Posted by plosmedicine on 30 Mar 2009 at 23:42 GMT

Author: Michael Makover
Institution: New York University School of Medicine, New York, New York, United States
E-mail: mmakover@optonline.net
Submitted Date: April 27, 2005
Published Date: April 27, 2005
This comment was originally posted as a “Reader Response” on the publication date indicated above. All Reader Responses are now available as comments.

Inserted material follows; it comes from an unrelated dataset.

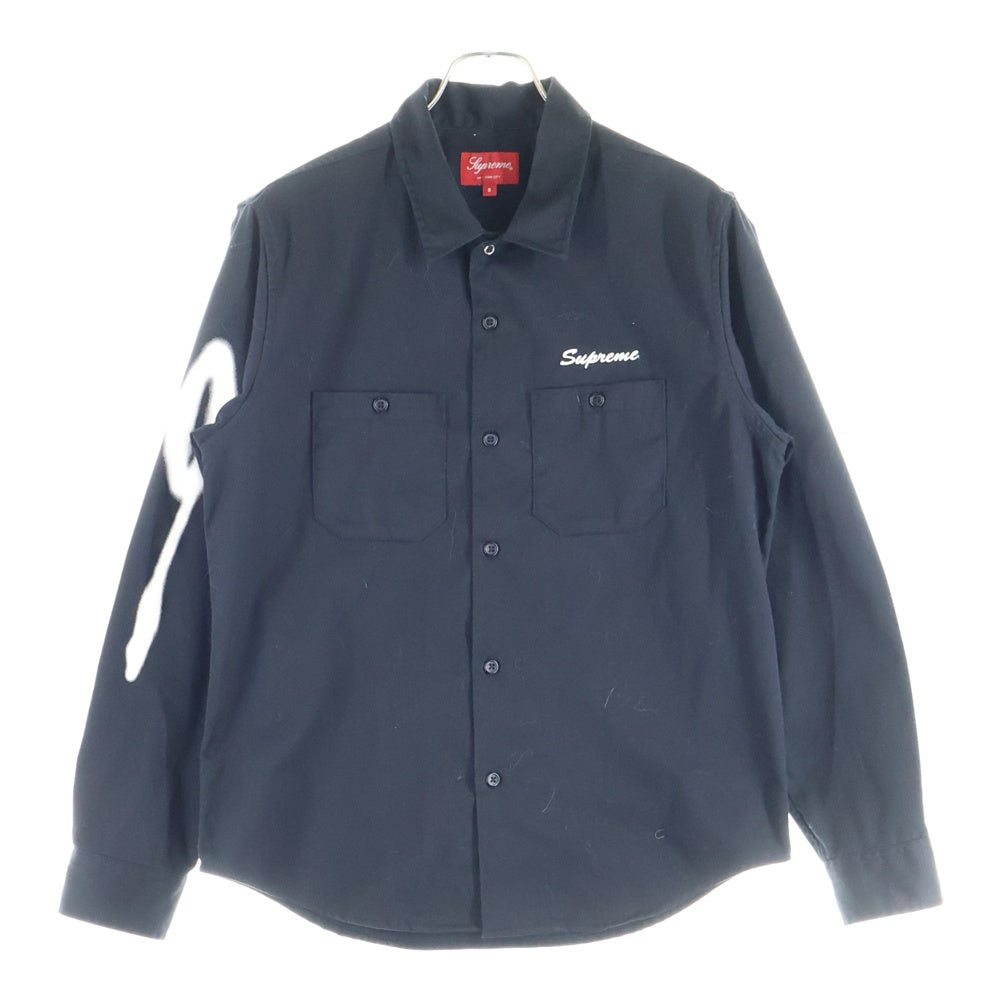 SUPREME(シュプリーム) 18AW Rose L/S Work Shirt ローズプリント ワークシャツ 長袖シャツ ブラック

Shah Ebrahim says, in his answer to my statement in our debate, that plaque is so common that it makes sense to treat only those likely to have an acute event in the near future. Not everyone has a heart attack but everyone ages, nor can we be sure who will be lucky and who not. Anyone with an LDL above 70 is at risk [1]. Narrowing of arteries must certainly contribute to decline in aging. He says that most plaque is stable and does not rupture. The one half million yearly heart attack victims and the hundreds of thousands of stroke sufferers in the United Sates alone would disagree. Waiting decades more for yet more studies will not help all those now succumbing, as long as all the components have already been well vetted, as they have been. His statement that most [plaques] are stable and unlikely to rupture is based on his own study published in Stroke [2], but reviewing that paper finds no data as to how many of those found to have thickened intimal wall thickness (IMT) or plaque actually had heart attacks or strokes. It did find that intimal wall changes were highly associated with ischemic heart disease.

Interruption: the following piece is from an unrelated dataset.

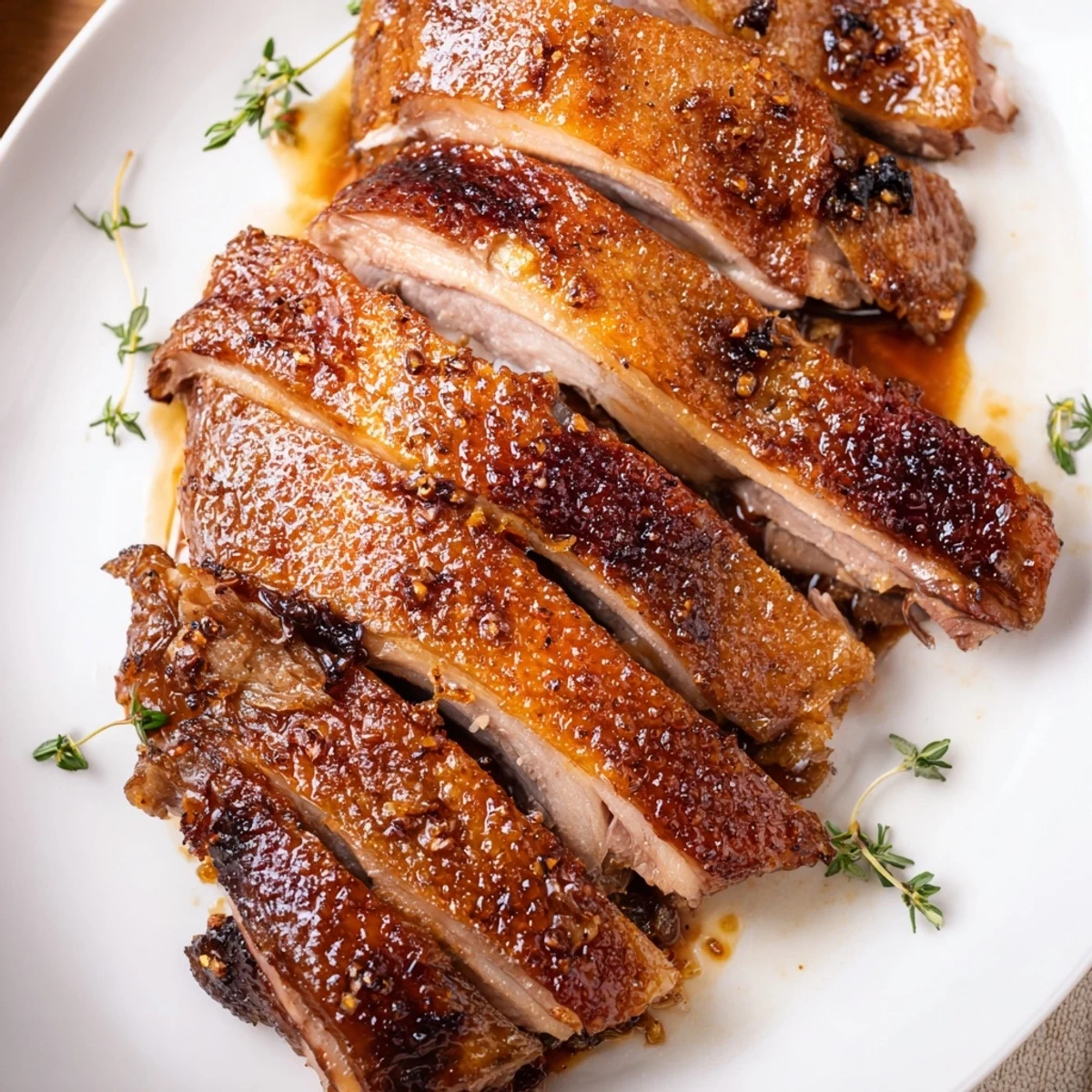 Succulent Festive Roast Goose, perfectly roasted with Asian five-spice, accompanied by fresh herbs and root vegetables.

It is correct that risk factors can predict heart disease and stroke to some degree, though I have many patients for whom that approach fails but intimal wall thickness detects the risk otherwise missed, but that is not enough. Smoking, diet, weight, blood pressure and such are all targets for treatment, but how does the doctor know whether he has controlled them adequately? If the IMT increases, more control is required. If IMT stabilizes or reverses a little, then it means that control is at goal. Family history of premature CAD is a major but under-utilized risk factor. The causative factors are not yet elucidated by research, so we do not know what the goals are. However, IMT provides a highly satisfactory parameter by which to judge effectiveness of treatment in familial CAD: IMT stabilization and reversal are good, progression is bad and requires more intensive measures.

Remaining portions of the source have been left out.